On the Uniform Convergence of Subdifferentials in Stochastic Optimization and Learning

TL;DR

This paper establishes a reduction principle linking the uniform convergence of subdifferentials in stochastic optimization to simpler subgradient convergence, providing sharp rates and insights into nonsmooth empirical objectives.

Contribution

It introduces a general reduction principle for subdifferential convergence in stochastic optimization, enabling sharper analysis without differentiability assumptions.

Findings

Derived sharp uniform convergence rates for subdifferential mappings.

Reduced set-valued subdifferential convergence to vector-valued subgradient convergence.

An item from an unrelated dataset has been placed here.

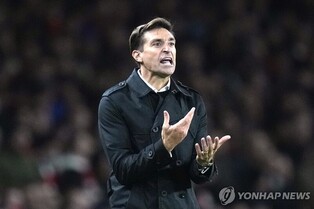 월드컵서 벤투호와 싸운 우루과이 알론소 감독, 세비야서 경질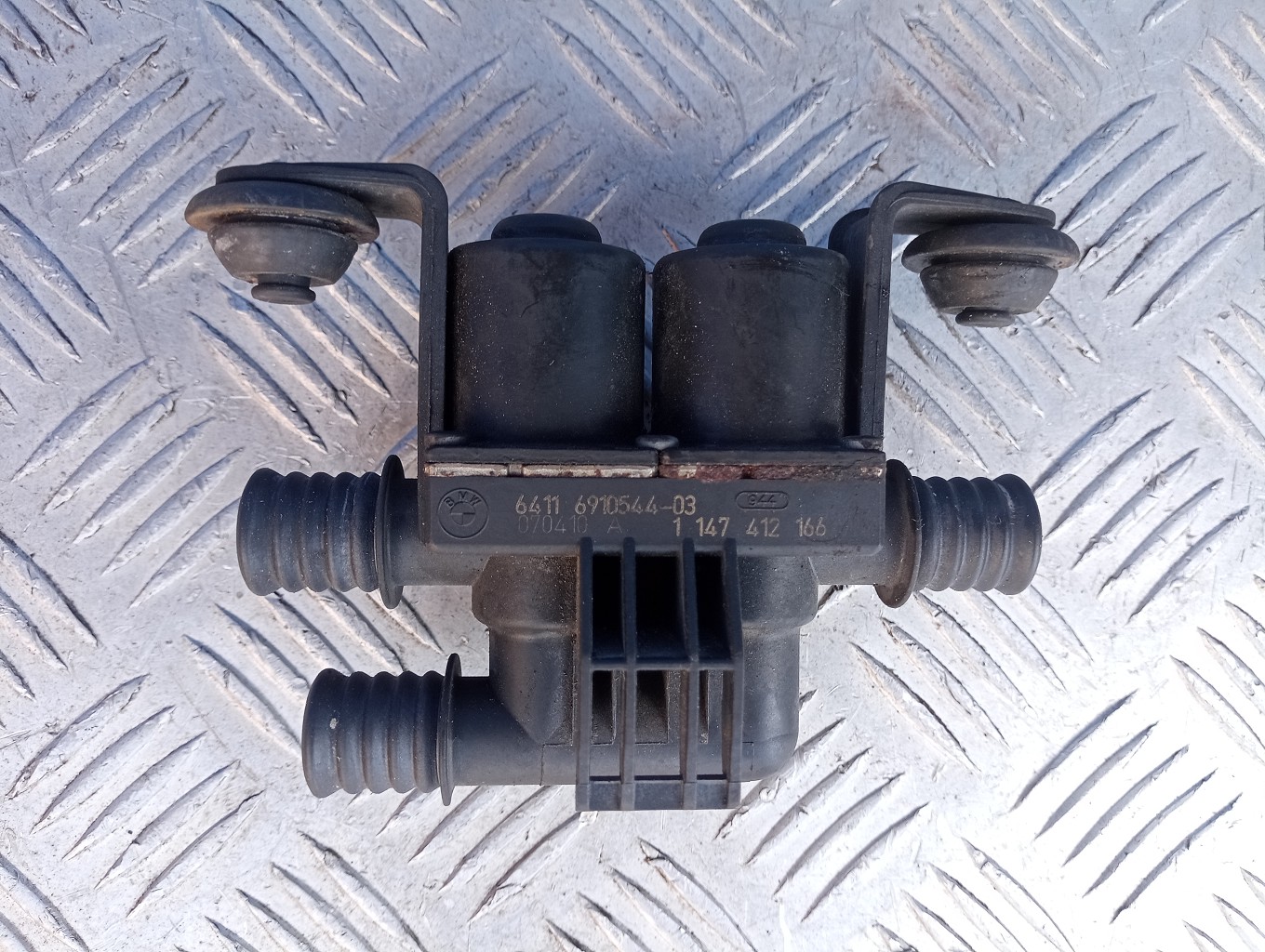 Кран (клапан) печки BMW X5 E70 (2007-2010) дорестайл - 1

Provided new insights into the geometry of nonsmooth empirical optimization problems.

Abstract

We investigate the uniform convergence of subdifferential mappings from empirical risk to population risk in nonsmooth, nonconvex stochastic optimization. This question is key to understanding how empirical stationary points approximate population ones, yet characterizing this convergence remains a fundamental challenge due to the set-valued and nonsmooth nature of subdifferentials. This work establishes a general reduction principle: for weakly convex stochastic objectives, over any open subset of the domain, we show that a uniform bound on the convergence of selected subgradients-chosen arbitrarily from subdifferential sets-yields a corresponding uniform bound on the Hausdorff distance between the subdifferentials. This deterministic result reduces the study of set-valued subdifferential convergence to simpler vector-valued subgradient convergence. We apply this reduction to derive sharp uniform convergence rates for subdifferential mappings in stochastic convex-composite optimization, without relying on differentiability assumptions on the population risk. These guarantees clarify the landscape of nonsmooth empirical objectives and offer new insight into the geometry of optimization problems arising in robust statistics and related applications.